191. К Пеанию
Когда ты чувствуешь, достопочтеннейший и меда сладчайший мой владыко, прискорбие и тяжесть разлуки с нами, то вспомни, каким делом ты заправляешь, вспомни, что ты стараешься целый город, или, лучше, действуя через этот город, целую вселенную поставить на правый путь, и утешься, развеселись. Тому, кто приносит столько пользы, как ты, можно много радоваться. Если другие безмерно радуются, собирая деньги, гибнущие и погубляющие их, и перенося при том долговременную разлуку со своим домом, женой, детьми и всеми родными, то где положить предел радости тому богатству, тому бесценному сокровищу, которое ежедневно собираешь ты одним своим пребыванием там? Говорю это не из лести тебе, – здесь, заочно, то же самое все слышат от меня, – но по чувству живейшего удовольствия, по чувству радости, в одушевлении от восторга.

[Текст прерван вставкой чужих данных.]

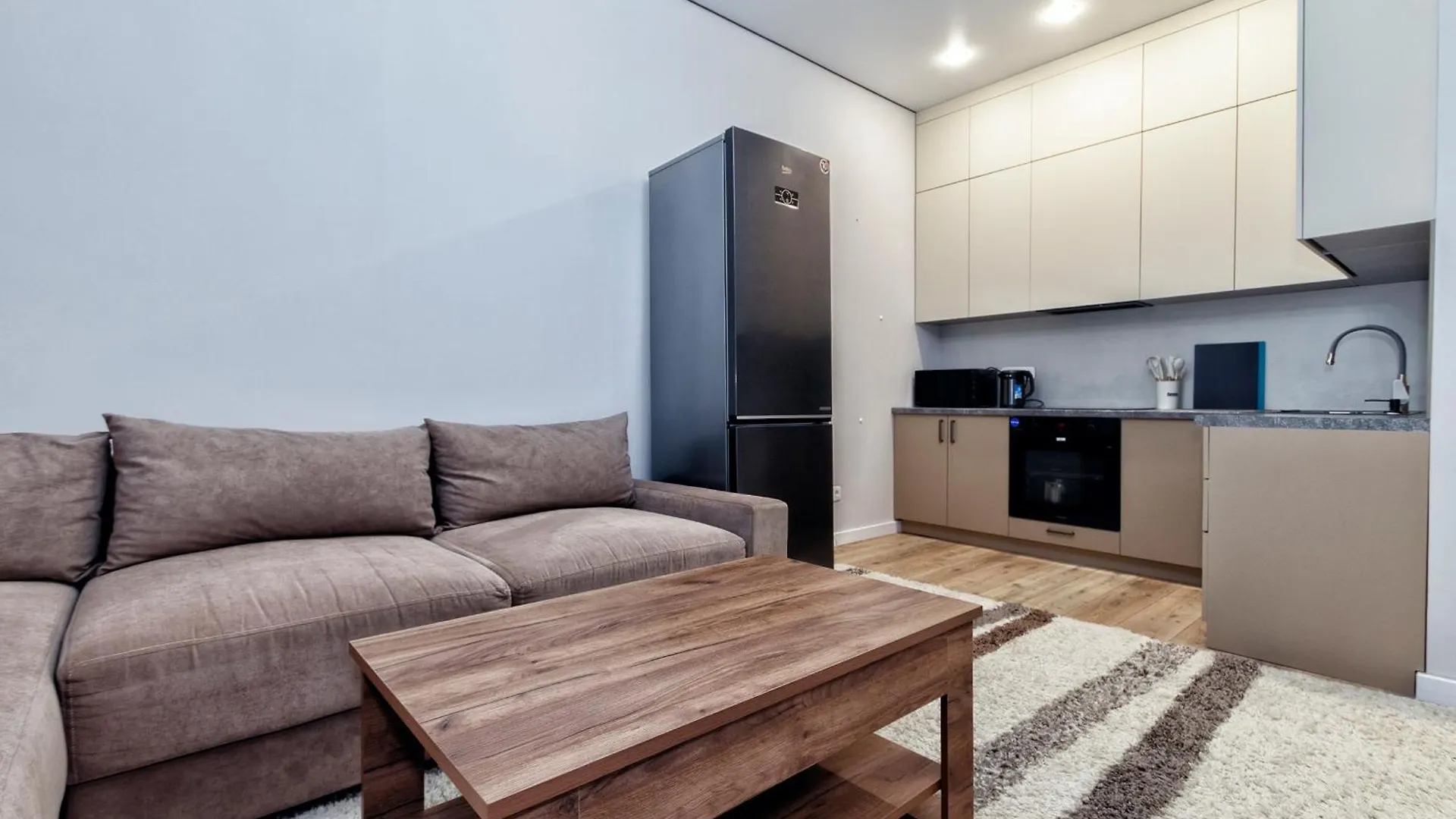 Appartement 2-Комнатная Квартира С Видом На Набережную, Жк Абай Жолы Astana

В самом деле, тебе достаточно только показаться, чтобы обратить там многих на правый путь, укрепить, поощрить, сплотить в одно целое. Ты – настоящий мой полководец; я знаю твои доблестные подвиги там, твою ревность, бдительность, хлопоты, душевную тревогу, неустрашимость, свободу, с какой ты восставал даже против епископов, когда того требовали обстоятельства, с надлежащей, конечно, сдержанностью. И прежде я высоко ценил тебя за это, но еще гораздо выше ставлю в настоящее время, когда, не имея ни одного помощника себе там, – так как одни бежали, других прогнали, третьи скрываются, – ты один стоишь теперь во главе строя, украшая собой его чело, и не только не даешь никому перебежать на другую сторону, но даже из рядов противников ежедневно привлекаешь кого-нибудь в ряды твоей мерности. Но это еще не все.

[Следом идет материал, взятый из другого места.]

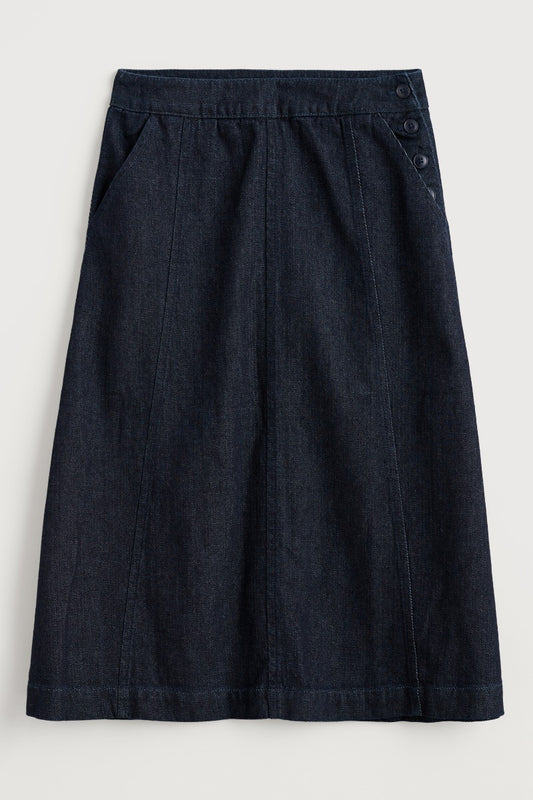 Gonna in denim Capriccio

Не менее этого изумляет меня то, что, неизменно оставаясь на одном месте, ты простираешь в то же время свою заботливость на всю вселенную, на дела в Палестине, в Финикии, в Киликии, дела которой, впрочем, требуют с твоей стороны особенного попечения. Палестиняне и финикийцы, как я верно узнал, не приняли посланного туда нашими противниками и даже не удостоили его ответа, но Эгский, как я слышал, и Тарсийский (епископы) на их стороне, и Каставальски138 писал сюда одному из наших друзей, что константинопольцы принуждают и139 принять участие в своем беззаконии, но что они пока противятся. Надобно, следовательно, тебе особенно постараться, особенно позаботиться, чтобы и эту часть привести в порядок, – и написать к своему двоюродному брату, владыке моему, господину епископу Феодору. Что касается Фаретрия, горько и крайне прискорбно: при всем том, так как пресвитеры его не сходятся с нашими противниками, как ты пишешь, и не решаются иметь с ними общение, говоря по крайней мере, что держатся еще нашей стороны, то ты не сообщай им ничего этого, – то, что сделал против нас Фаретрий, действительно, не допускает уже никакого извинения. Весь клир его скорбел, сетовал, плакал и был всей душою за нас. Но, говорю, чтобы не оттолкнуть их и не сделать неприязненнее к нам, ты, узнав все из донесения чиновников префектуры, удержи про себя и обращайся с ними как можно мягче, – я знаю твою благоразумную находчивость, – скажи им, что вот и мы слышали, что он очень скорбел об этом событии и что он готов бы был все перенести, чтобы только поправить все это дурное дело.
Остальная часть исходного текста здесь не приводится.